As a kid (a few years ago), I can remember helping clean out the garage at my grandparents home. Normally, the prospect of cleaning out a garage was met with limited enthusiasm, but working at my grandfather’s was different. The garage was filled with interesting, but for the most part useless novelties – a virtual treasure chest to a young boy. We did a lot of sweeping, and “organizing”, but we were rarely allowed to throw things out…not even the keg of rusted and bent nails. There was a level of comfort in knowing that if something was needed (no matter how improbable), it could be found in the garage.
Recently, I have been following a Twitter and blog discussion about whether school principals are still needed. The conversation was started by Josh Stumpenhorst, with his blog post, Do We Need Principals?, and continued with a second post Do We Really Need Principals? A Follow-Up. A number of people have weighed in on the subject, like this piece by Justin Tarte, What Makes a Great Principal? and one by George Couros – Do We Need (Great) Principals?

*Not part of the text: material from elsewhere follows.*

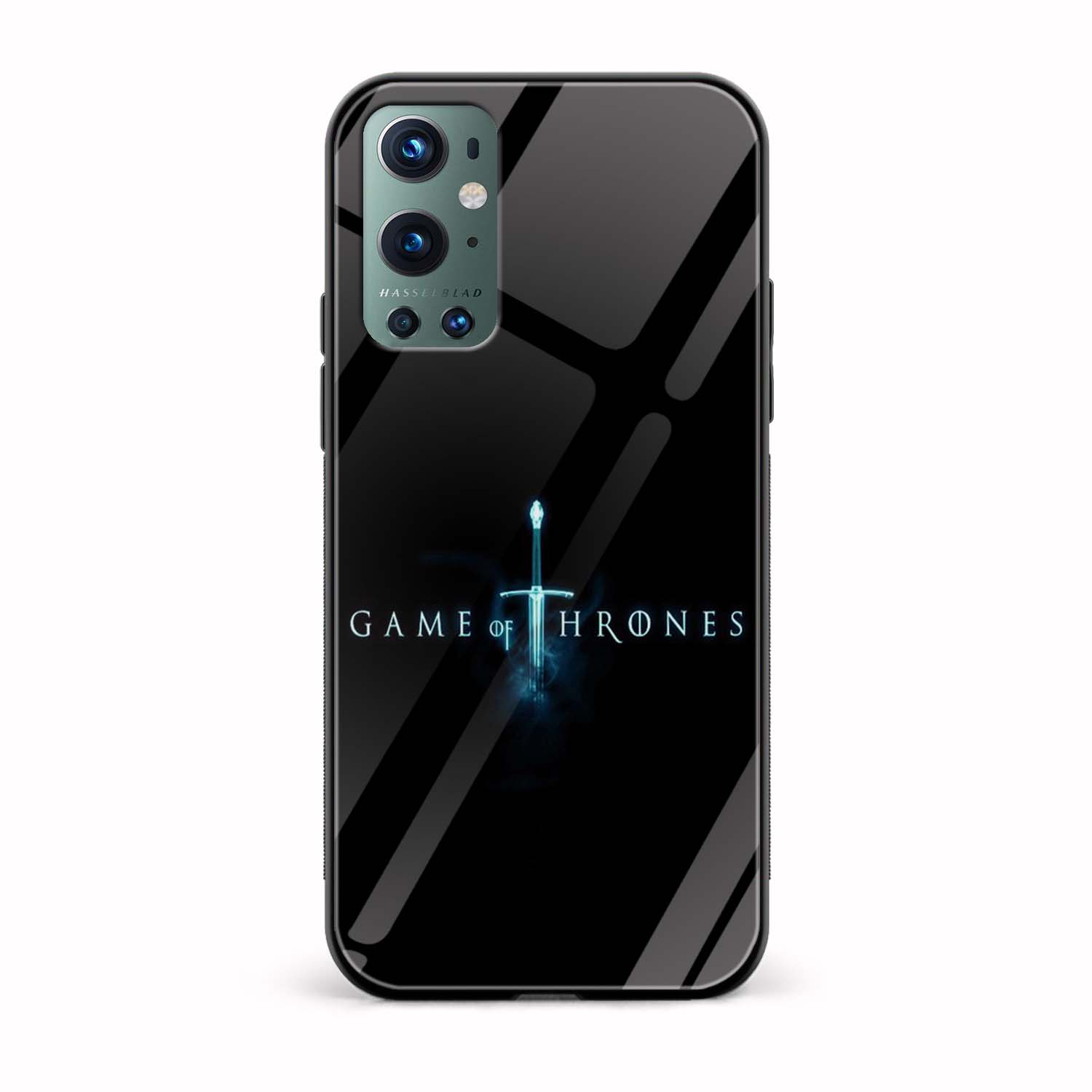 Game Of Thrones - Valyrian Sword Printed Glass Back Phone Case Game Of Thrones - Valyrian Sword Printed Glass Back Phone Case - Image 1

Yesterday, I ran across this quote, by George, in a blog post comment and it resonated.
“I have seen a few blog posts lately that hint administrators “don’t get it” and I guess my response to that is “be the change”. Define the role by going and doing it. There is no “template” that all admin must stick by.”

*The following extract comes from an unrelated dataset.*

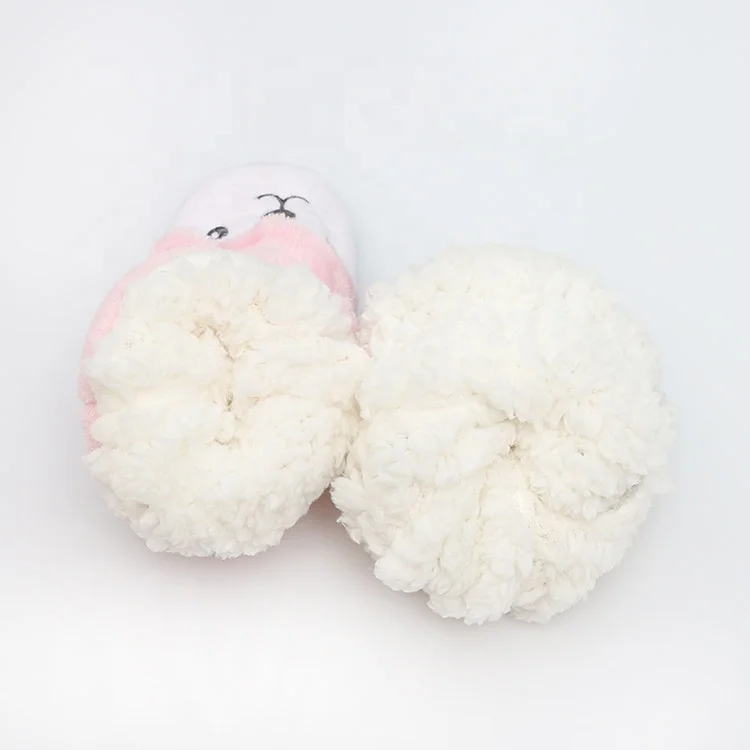 
hot selling Fashion flat woman boots soft fur short boots keep warm winter slippers indoor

For me, this comment really strikes at the crux of the problem. In many cases, we do act as if there is a “template” that defines our roles, and unfortunately, it is the same template that has been used for years. We frequently lament the factory model of education, but we must recognize that in many cases, we are still using a factory model of leadership. I am relatively new to the position of principal, but I can not tell you how many times I have had teachers tell me they could never go into school administration. My suspicion is that this is not necessarily a compliment related to the challenges administrators face, but rather an expression of distaste for what is seen as the role of the principal: discipline, budget issues, supervision and a general disconnect from students, and what is happening in the classroom. This is where, as George stated, we must “be the change.” We need to step away from the safe, the familiar, the “expected” and pursue innovative leadership practices. I think we still need principals, but how we define that role, and what we expect from these leaders, must change. We need to be willing to clean out the proverbial garage, to get rid of the rusty keg of bent nails.

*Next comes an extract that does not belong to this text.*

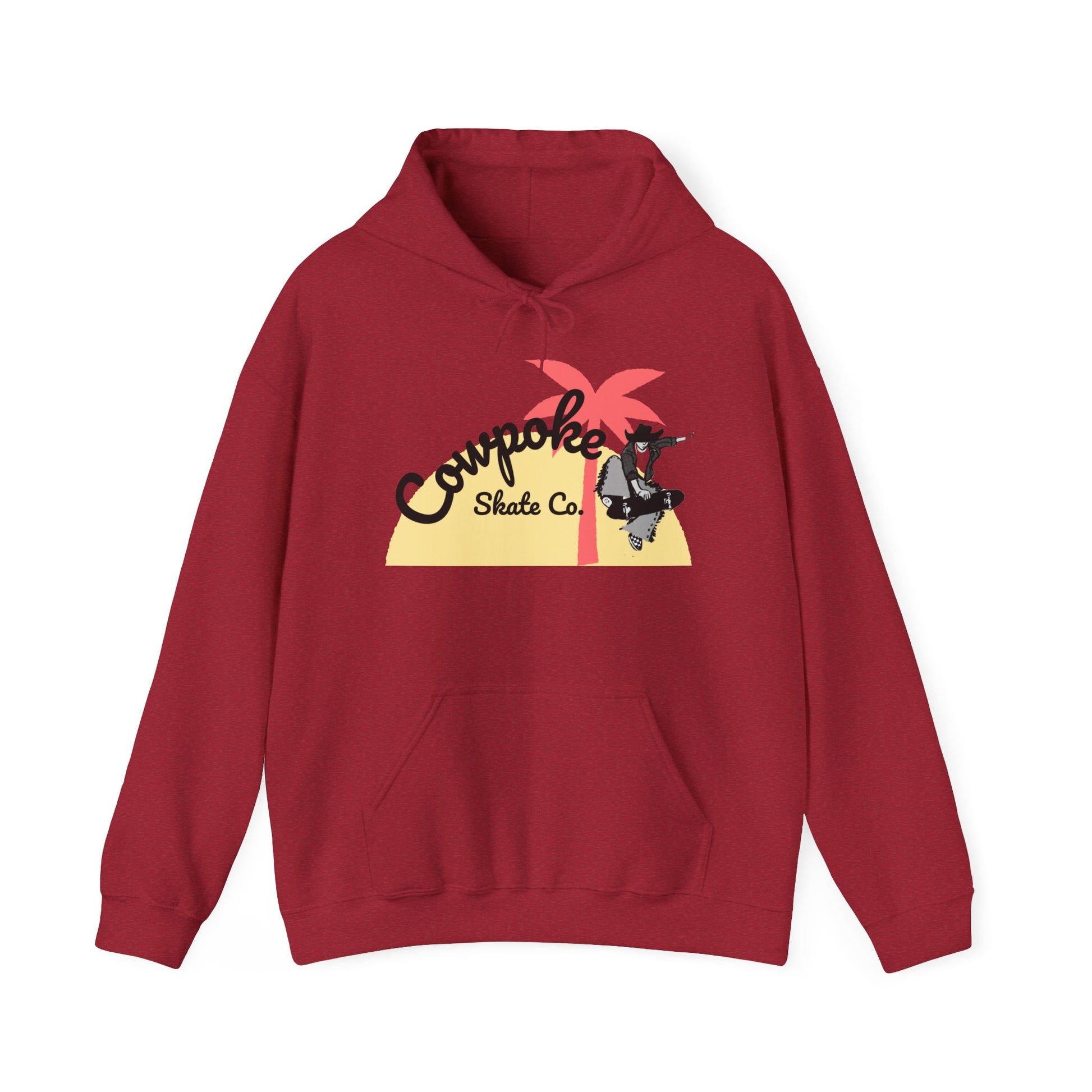 Tropical Skate Hoodie, Surf Vibes Sweatshirt, Unisex Beachwear, Casual Summer Gift, Skate Co Apparel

Redefining the position of principal will require a committment to dialogue and learning, and a willingness to break the mold and try new things. Thankfully, technology and social media make this collaboration, much easier. I have been fortunate to learn from a number of progressive administrators – Patrick Larkin, Cale Birk, Chris Wejr, Bo Adams, Lyn Hilt, George Couros, Dov Emerson, Justin Tarte…to name a very few. These administrators are helping me shape, and redefine, what I see as my role as principal.
So, in the interest of moving the conversation forward:
If the role of the school principal is going to stay relevant, what needs to change? What “traditional roles” should be diminished or removed? What new responsibilities should school principals be prepared to address?